*Web page caption snippets*
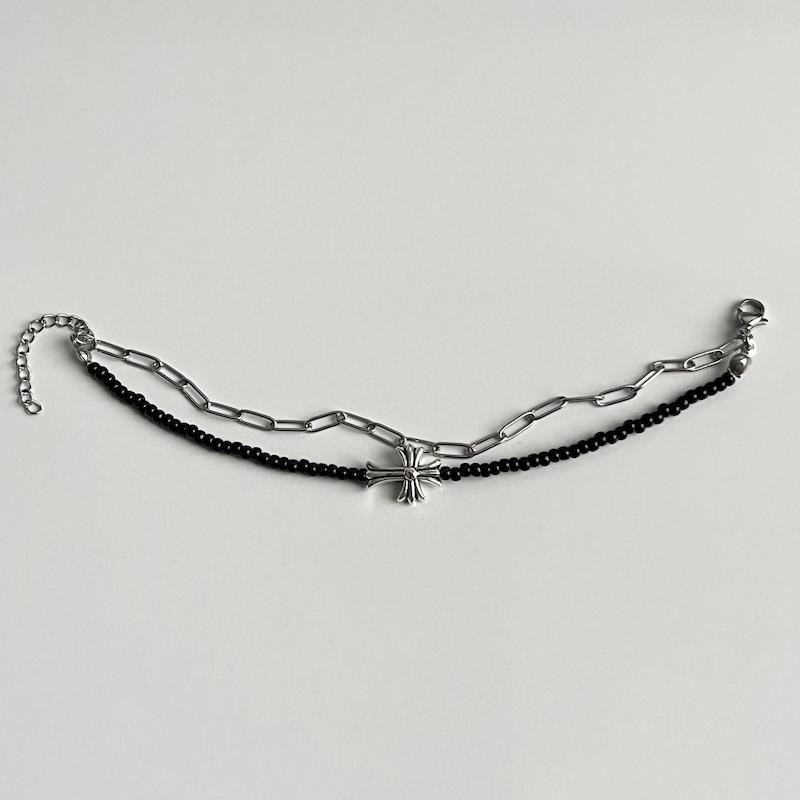 دستبند دو لاین Chrome Hearts 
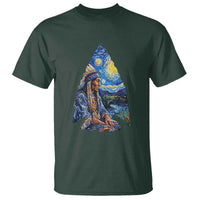 Native American Arrowhead Hunter Starry Night T Shirt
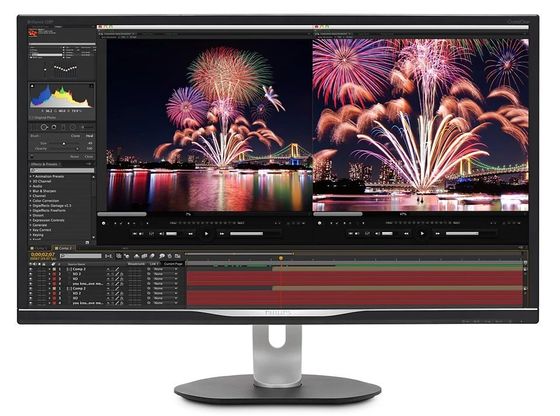 Монитор 32&quot; Philips 328P6AUBREB/00 Black с поворотом экрана (IPS, 2560x1440, 4 ms, 178°/178°, 450 cd/m, 50M:1, +HDMI2.0)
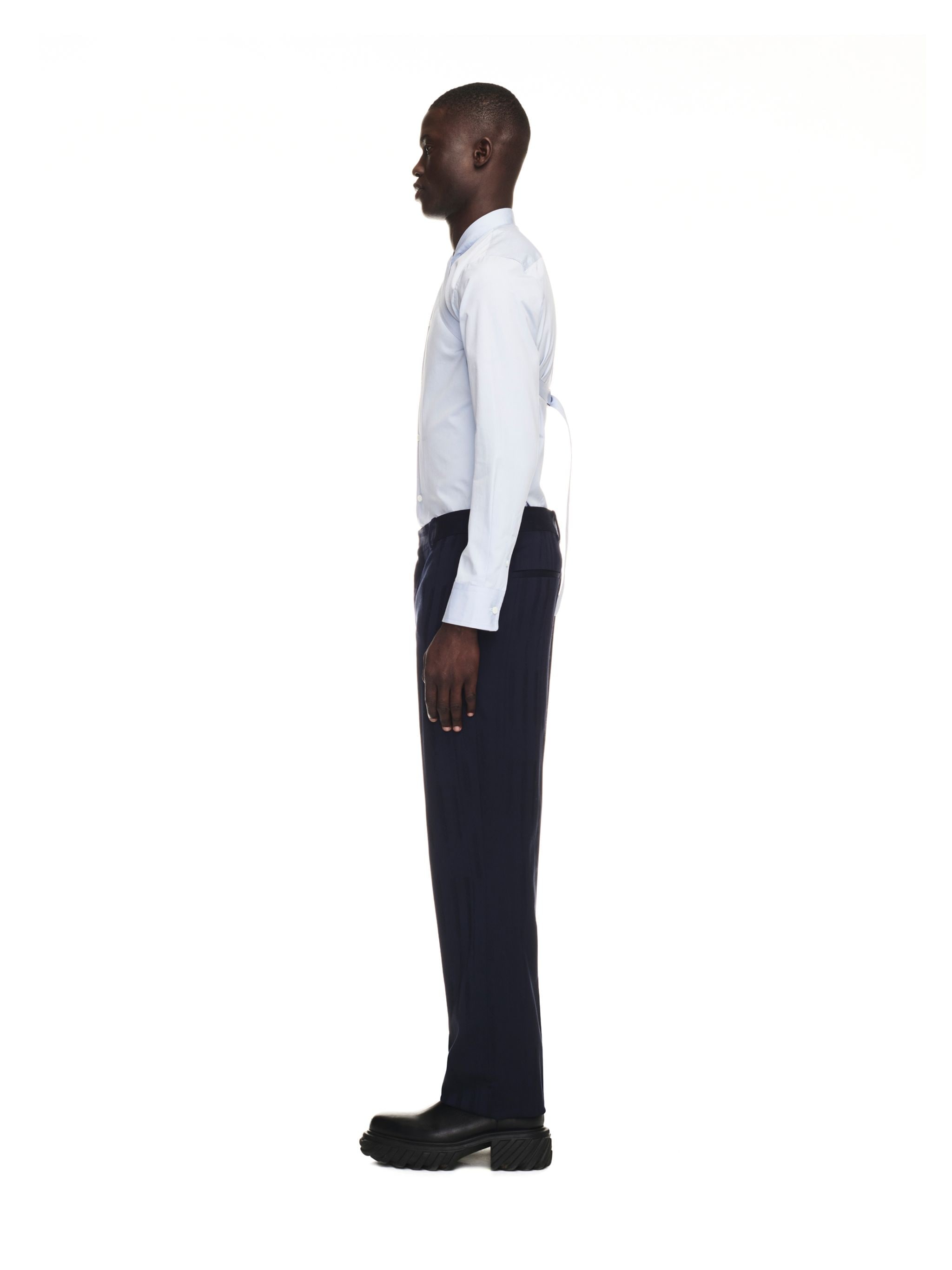 Ow Emb Heavycot Collar Shirt - 3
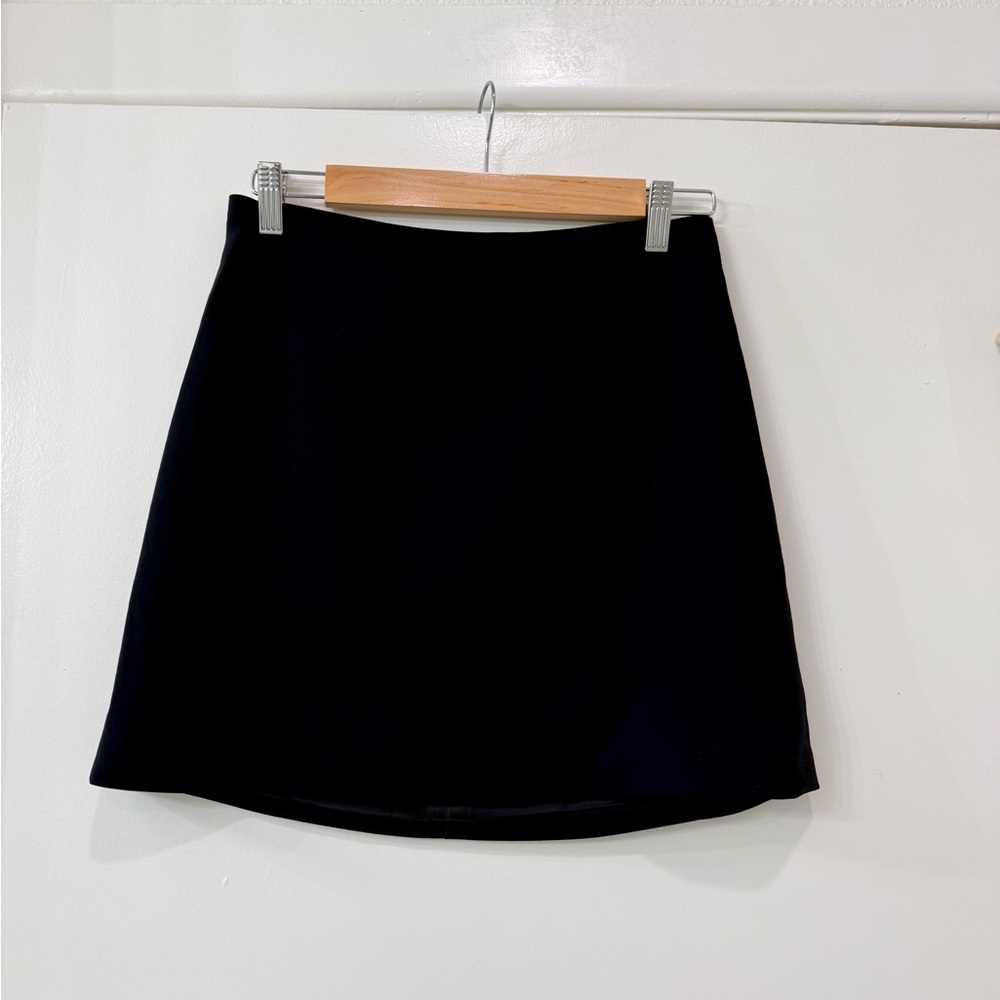 Aritzia Wilfred Black Mini A-Line Skirt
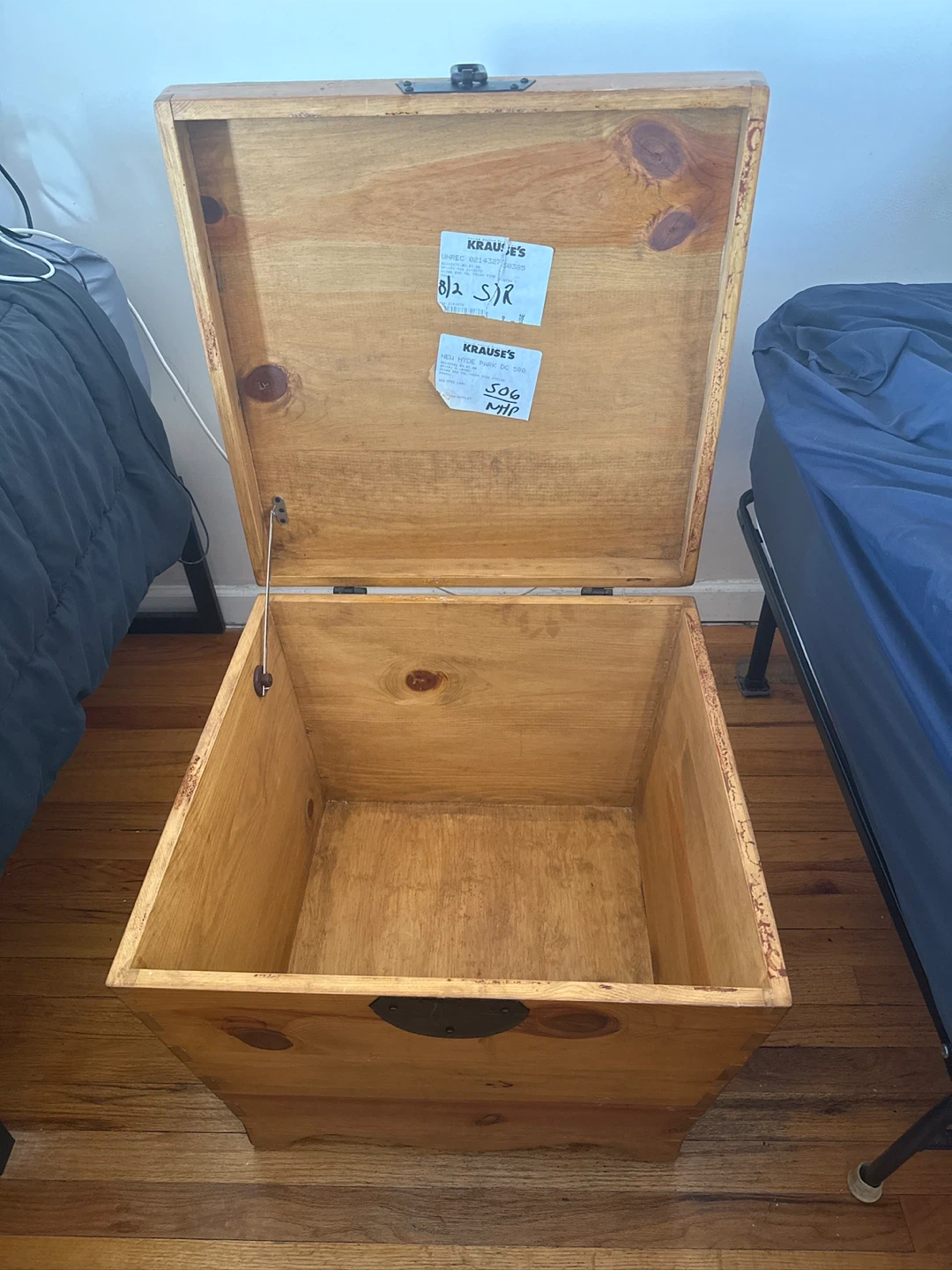 Wooden Storage Chest Trunk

*Aim of the exercise*
Every line of the data above is to be repeated exactly; the images are to be left out.

*Task output*
 دستبند دو لاین Chrome Hearts 
 Native American Arrowhead Hunter Starry Night T Shirt
 Монитор 32&quot; Philips 328P6AUBREB/00 Black с поворотом экрана (IPS, 2560x1440, 4 ms, 178°/178°, 450 cd/m, 50M:1, +HDMI2.0)
 Ow Emb Heavycot Collar Shirt - 3
 Aritzia Wilfred Black Mini A-Line Skirt
 Wooden Storage Chest Trunk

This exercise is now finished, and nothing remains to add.